[Stored entries]
"""
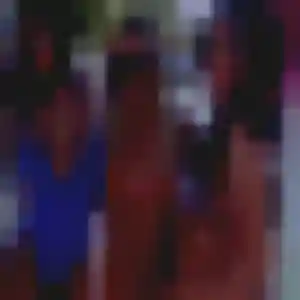 Photo de Constance à Junas (44 ans) - plan cul gratuit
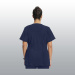TUNIQUE FEMME INFINITY CHEROKEE MARINE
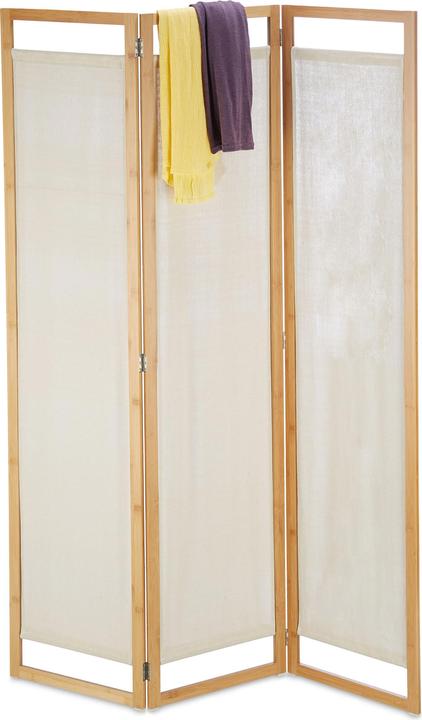 Actual product image Relaxdays Separatore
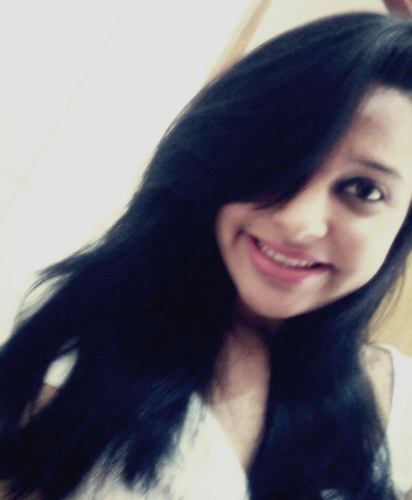 http://t.co/BbpPF5dw , http://t.co/QrPAz8fM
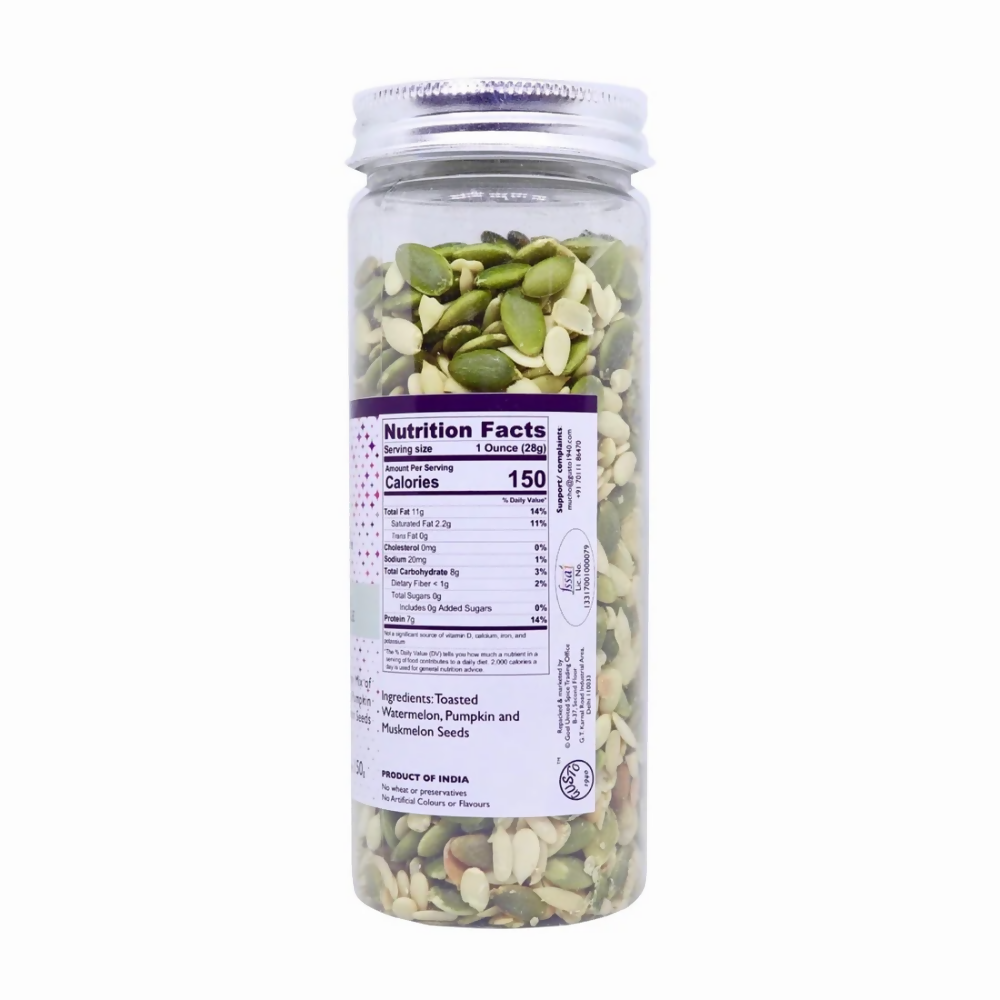 https://cdn.shopify.com/s/files/1/1857/6931/files/oleDreQlsa.png?v=1775725688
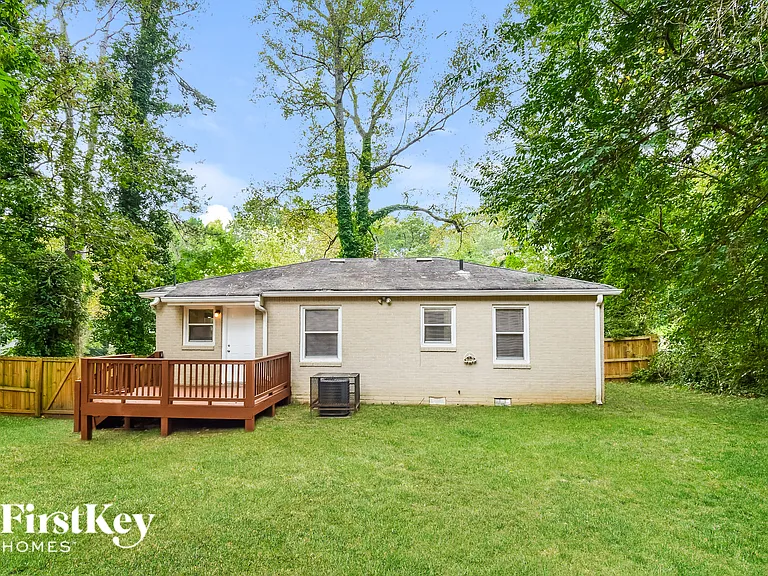 1924 Oak Valley Rd — Photo 14
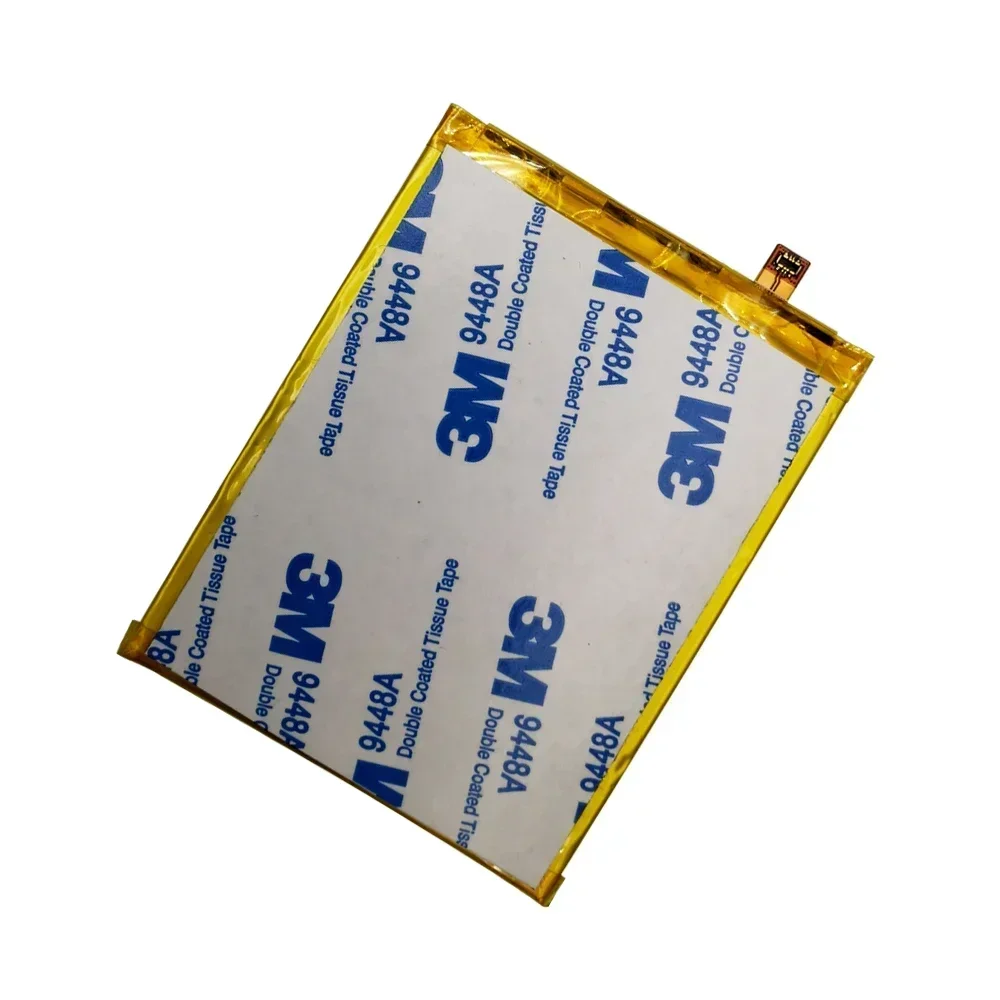 100% Original 3200mAh Li3931T44P8h806139 Battery For ZTE Blade V9 V10 /V9Vita V10Vita/A7 Vita/A4/A5 2020/A7 2019 Fast Shipping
"""
• Task goal: Only the lines from the one containing "http://t.co/BbpPF5dw , http://t.co/QrPAz8fM" through the last line of the entries, both included, should be repeated exactly, and the pictures should be left out.

• Answer to the problem:
 http://t.co/BbpPF5dw , http://t.co/QrPAz8fM
 https://cdn.shopify.com/s/files/1/1857/6931/files/oleDreQlsa.png?v=1775725688
 1924 Oak Valley Rd — Photo 14
 100% Original 3200mAh Li3931T44P8h806139 Battery For ZTE Blade V9 V10 /V9Vita V10Vita/A7 Vita/A4/A5 2020/A7 2019 Fast Shipping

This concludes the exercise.